When Vim quits, it sends the escape sequence defined by the t_te setting to the terminal in order to tell it what to do. This should be set automatically by Vim to do something sensible, but it looks like something's going wrong in your setup: the likely candidate seems to be that your terminal is configured incorrectly, but let's investigate:

To clear the screen, we need to send the clear escape sequence to our terminal. We can find out what sequence is required by querying our terminfo database with the infocmp command. By running infocmp in my terminal (which happens, like yours, to be xterm-256color), I see the following entry:

clear=\E[H\E[2J

In this output, the left hand side of the equation refers to a terminal "capability", and the right-hand side to the escape sequence used to access it. In the displayed sequence, the \E refers to an Escape character.

So, the escape sequence used by xterm to clear the screen is <Esc>[H<Esc>[2J. If we want Vim to clear the screen on exit, we need to configure its t_te setting to send this sequence.

We do so with the following Vim command:

:set t_te=^[[H^[2J

N.B. In the above, the two instances of ^[ are Vim's representation of the escape character that was displayed as \E above. You type them by pressing Ctrl+VEsc: not by typing a ^ followed by a [ character.

After quitting Vim, the screen should now be cleared.
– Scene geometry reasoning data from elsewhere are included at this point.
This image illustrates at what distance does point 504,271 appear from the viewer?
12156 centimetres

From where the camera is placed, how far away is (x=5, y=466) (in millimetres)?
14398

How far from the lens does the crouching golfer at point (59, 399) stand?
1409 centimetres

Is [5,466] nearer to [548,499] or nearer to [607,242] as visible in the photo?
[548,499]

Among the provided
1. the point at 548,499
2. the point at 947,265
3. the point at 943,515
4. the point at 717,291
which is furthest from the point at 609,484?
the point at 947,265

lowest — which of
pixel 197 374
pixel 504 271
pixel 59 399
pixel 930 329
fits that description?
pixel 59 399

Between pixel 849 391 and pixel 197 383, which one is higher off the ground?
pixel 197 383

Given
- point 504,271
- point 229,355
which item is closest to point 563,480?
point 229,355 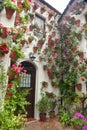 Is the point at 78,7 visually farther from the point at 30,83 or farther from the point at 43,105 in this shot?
the point at 43,105

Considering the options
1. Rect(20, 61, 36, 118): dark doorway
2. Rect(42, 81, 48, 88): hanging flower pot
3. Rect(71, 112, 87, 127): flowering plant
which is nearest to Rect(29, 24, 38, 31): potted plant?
Rect(20, 61, 36, 118): dark doorway

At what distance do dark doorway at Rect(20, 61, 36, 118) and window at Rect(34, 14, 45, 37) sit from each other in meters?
1.86

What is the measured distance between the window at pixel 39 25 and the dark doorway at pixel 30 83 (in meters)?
1.86

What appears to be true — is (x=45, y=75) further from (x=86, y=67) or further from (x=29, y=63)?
(x=86, y=67)

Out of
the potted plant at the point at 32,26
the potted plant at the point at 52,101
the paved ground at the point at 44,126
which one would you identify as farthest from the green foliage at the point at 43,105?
the potted plant at the point at 32,26

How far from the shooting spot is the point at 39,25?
958 cm

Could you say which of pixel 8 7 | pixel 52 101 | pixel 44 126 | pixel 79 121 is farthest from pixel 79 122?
pixel 8 7

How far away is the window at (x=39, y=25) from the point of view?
9.13 metres

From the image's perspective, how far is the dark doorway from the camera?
8.46 meters

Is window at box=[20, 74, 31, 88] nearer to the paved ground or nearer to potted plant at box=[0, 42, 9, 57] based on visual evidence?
the paved ground

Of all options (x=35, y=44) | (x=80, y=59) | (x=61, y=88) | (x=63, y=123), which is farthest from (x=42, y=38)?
(x=63, y=123)

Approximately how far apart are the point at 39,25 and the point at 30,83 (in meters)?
3.48

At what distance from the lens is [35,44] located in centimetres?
888

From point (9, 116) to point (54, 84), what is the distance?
4.19 meters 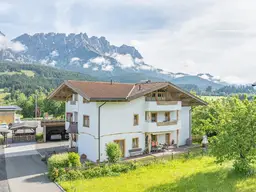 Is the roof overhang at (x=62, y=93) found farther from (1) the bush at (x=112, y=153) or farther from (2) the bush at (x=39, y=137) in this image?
(1) the bush at (x=112, y=153)

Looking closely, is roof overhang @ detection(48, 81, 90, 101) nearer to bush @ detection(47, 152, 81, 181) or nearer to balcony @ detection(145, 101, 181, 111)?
balcony @ detection(145, 101, 181, 111)

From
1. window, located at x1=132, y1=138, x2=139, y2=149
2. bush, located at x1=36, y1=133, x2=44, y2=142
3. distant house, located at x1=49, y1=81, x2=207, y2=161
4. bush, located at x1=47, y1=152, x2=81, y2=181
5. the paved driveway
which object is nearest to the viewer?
the paved driveway

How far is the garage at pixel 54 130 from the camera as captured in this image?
3594cm

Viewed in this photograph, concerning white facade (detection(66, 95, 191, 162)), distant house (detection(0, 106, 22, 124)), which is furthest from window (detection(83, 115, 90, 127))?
distant house (detection(0, 106, 22, 124))

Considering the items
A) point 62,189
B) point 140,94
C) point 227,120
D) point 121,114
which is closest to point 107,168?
point 62,189

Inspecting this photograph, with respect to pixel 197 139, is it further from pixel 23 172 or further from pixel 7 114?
pixel 7 114

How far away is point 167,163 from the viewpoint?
76.4 feet

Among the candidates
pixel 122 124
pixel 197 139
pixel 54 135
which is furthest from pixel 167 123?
pixel 54 135

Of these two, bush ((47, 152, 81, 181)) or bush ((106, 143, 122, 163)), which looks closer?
bush ((47, 152, 81, 181))

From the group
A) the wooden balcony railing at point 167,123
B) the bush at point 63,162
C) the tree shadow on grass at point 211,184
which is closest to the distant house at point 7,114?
the bush at point 63,162

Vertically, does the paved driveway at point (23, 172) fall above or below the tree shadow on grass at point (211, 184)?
below

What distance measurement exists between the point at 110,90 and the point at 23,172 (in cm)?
1064

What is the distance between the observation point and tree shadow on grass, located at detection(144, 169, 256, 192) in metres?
16.5

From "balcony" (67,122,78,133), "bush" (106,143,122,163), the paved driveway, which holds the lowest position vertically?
the paved driveway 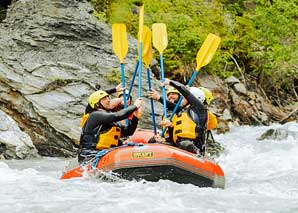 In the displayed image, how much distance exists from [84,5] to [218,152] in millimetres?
4299

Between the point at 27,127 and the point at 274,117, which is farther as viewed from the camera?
the point at 274,117

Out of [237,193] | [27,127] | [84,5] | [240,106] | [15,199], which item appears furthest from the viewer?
[240,106]

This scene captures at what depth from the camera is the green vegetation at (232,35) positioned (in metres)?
12.3

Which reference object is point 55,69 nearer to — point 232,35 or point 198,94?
point 198,94

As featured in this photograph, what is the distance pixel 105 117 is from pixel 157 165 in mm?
835

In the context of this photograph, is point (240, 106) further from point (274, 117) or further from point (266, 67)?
point (266, 67)

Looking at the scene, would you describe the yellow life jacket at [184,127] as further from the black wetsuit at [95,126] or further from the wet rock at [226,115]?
the wet rock at [226,115]

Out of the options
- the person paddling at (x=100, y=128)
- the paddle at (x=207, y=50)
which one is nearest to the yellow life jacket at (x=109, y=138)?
the person paddling at (x=100, y=128)

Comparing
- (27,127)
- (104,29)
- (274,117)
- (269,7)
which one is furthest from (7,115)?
(269,7)

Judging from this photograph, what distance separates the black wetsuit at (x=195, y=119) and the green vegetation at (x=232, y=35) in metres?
6.30

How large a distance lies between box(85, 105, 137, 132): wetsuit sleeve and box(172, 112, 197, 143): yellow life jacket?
1.70 ft

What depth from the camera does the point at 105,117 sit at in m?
5.57

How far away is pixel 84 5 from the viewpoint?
10.8 m

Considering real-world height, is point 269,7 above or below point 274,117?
above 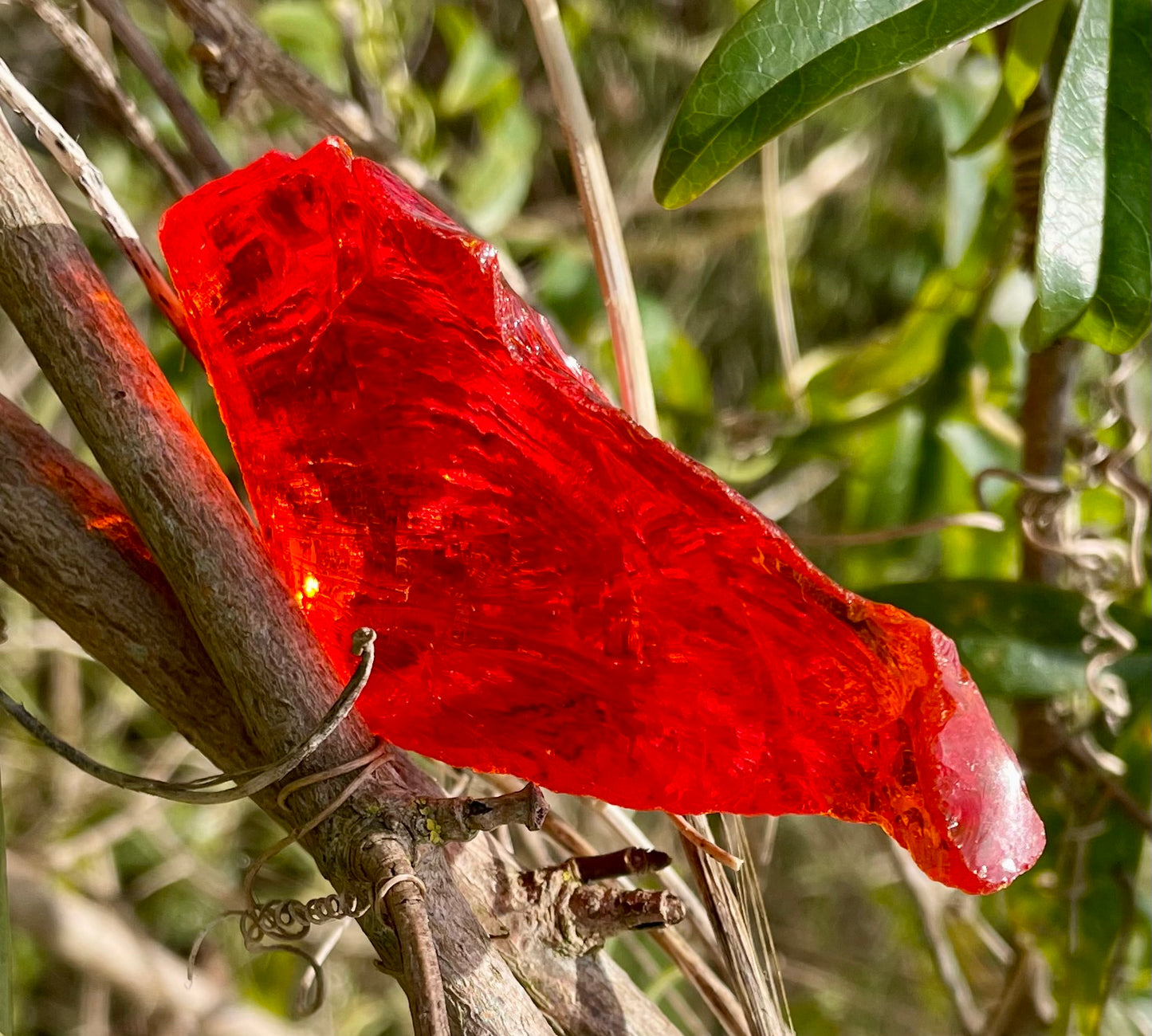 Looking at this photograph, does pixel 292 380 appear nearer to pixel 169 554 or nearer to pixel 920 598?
pixel 169 554

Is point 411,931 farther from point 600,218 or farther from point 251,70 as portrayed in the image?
point 251,70

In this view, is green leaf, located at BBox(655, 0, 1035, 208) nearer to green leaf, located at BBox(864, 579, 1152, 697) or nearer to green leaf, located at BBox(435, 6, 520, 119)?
green leaf, located at BBox(864, 579, 1152, 697)

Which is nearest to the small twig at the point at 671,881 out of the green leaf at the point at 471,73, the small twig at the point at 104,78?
the small twig at the point at 104,78

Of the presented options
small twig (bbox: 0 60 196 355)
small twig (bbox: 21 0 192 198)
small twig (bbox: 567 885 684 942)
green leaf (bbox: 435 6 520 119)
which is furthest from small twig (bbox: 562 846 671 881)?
green leaf (bbox: 435 6 520 119)

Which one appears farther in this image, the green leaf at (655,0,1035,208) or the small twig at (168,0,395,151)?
the small twig at (168,0,395,151)

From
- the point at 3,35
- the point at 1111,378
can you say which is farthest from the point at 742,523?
the point at 3,35

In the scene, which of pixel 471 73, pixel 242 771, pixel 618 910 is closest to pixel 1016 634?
pixel 618 910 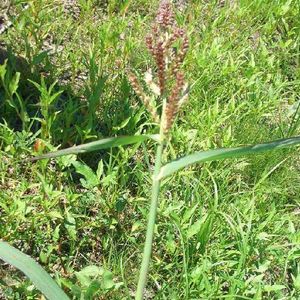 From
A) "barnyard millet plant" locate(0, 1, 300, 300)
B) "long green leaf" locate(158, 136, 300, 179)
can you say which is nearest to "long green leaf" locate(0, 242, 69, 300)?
"barnyard millet plant" locate(0, 1, 300, 300)

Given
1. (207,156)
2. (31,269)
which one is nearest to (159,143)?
(207,156)

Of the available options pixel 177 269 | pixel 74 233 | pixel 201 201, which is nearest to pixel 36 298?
pixel 74 233

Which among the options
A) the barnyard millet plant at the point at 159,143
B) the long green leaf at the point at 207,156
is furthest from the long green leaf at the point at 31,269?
the long green leaf at the point at 207,156

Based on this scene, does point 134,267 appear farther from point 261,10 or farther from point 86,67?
point 261,10

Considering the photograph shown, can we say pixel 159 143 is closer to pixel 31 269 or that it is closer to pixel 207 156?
pixel 207 156

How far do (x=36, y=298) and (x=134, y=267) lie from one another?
34cm

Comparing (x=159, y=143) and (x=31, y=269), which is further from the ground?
(x=159, y=143)

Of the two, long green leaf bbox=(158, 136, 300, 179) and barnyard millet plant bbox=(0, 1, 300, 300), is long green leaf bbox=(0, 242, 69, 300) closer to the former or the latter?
barnyard millet plant bbox=(0, 1, 300, 300)

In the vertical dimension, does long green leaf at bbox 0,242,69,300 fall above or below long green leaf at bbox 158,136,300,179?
below

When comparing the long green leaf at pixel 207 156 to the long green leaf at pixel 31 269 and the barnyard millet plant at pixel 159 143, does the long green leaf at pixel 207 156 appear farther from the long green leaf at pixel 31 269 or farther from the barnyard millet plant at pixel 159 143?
the long green leaf at pixel 31 269

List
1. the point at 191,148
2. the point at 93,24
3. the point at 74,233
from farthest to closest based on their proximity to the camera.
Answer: the point at 93,24, the point at 191,148, the point at 74,233

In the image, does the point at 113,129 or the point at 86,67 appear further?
the point at 86,67

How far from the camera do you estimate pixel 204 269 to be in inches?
68.1

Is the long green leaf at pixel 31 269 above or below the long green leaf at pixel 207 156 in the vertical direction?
below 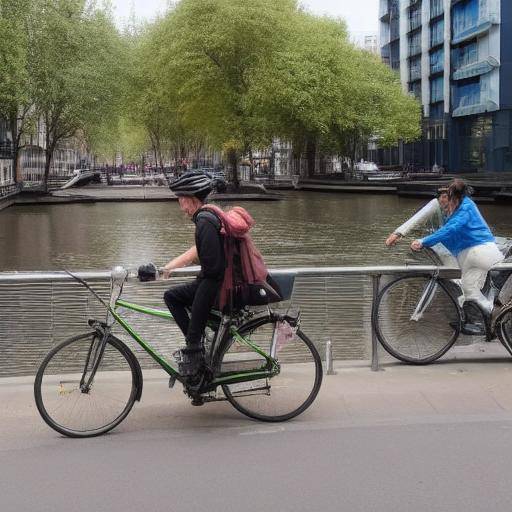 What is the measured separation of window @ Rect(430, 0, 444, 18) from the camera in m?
76.1

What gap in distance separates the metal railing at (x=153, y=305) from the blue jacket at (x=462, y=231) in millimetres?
220

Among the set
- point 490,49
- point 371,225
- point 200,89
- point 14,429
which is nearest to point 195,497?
point 14,429

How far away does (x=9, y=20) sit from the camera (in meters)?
42.0

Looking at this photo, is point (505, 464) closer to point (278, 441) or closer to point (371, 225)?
point (278, 441)

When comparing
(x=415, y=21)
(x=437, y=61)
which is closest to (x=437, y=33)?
(x=437, y=61)

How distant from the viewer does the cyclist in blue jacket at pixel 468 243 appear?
6957 millimetres

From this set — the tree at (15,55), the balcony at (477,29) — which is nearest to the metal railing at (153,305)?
the tree at (15,55)

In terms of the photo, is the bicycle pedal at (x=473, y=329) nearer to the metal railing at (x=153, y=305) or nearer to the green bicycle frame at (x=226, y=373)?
the metal railing at (x=153, y=305)

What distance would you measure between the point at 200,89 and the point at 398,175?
26208 millimetres

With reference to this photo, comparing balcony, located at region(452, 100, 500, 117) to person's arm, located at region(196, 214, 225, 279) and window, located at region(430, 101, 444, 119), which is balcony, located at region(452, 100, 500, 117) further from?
person's arm, located at region(196, 214, 225, 279)

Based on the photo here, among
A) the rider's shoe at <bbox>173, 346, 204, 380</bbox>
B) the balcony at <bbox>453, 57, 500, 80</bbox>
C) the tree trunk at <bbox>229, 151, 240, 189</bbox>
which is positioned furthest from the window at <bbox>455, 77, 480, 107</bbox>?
the rider's shoe at <bbox>173, 346, 204, 380</bbox>

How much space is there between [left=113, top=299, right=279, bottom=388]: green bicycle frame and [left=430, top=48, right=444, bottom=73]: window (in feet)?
245

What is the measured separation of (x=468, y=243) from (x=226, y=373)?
260 centimetres

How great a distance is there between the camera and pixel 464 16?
69.7m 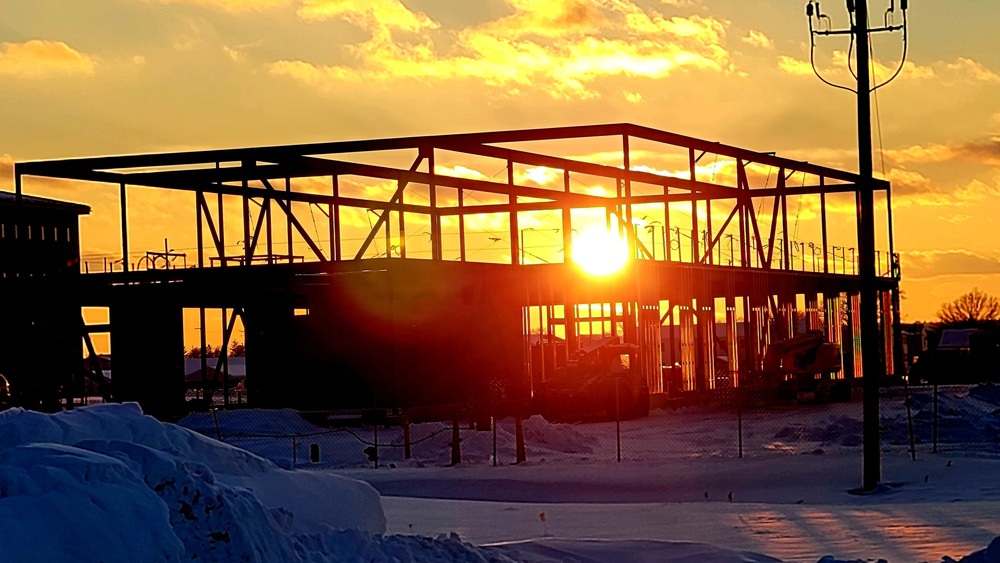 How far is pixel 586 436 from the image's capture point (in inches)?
1476

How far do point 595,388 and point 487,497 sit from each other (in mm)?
20251

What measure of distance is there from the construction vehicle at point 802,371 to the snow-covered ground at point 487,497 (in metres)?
13.3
What Might Be Going Wrong For You

This may or may not actually work for you, however. As already mentioned, Vim should set up t_te sensibly already. There are several places where the problem could be occurring:

  1. Your t_te might be set incorrectly by your .vimrc or by a plugin. Setting t_te as above should fix this,
  2. You have indicated your $TERM is set to xterm-256color. If you are actually using a different terminal, the escape sequence described above may be wrong. The way to fix this is by setting $TERM to match your actual terminal.
  3. It's possible (although less likely) that your terminfo database contains the incorrect info for xterm-256color. You can test if this is the case by running the command tput clear in your terminal. This queries the terminfo database for the clear capability, which is output to the terminal, and should result in the terminal clearing the screen. If this does not do so, then your terminfo database is incorrect, and will need fixing. This is not really a Vim issue, so you may find more help elsewhere.

Extra Credit

I wrote earlier that Vim should set t_te to "something sensible". But for me, this is not clearing the screen. So what does it actually set t_te to?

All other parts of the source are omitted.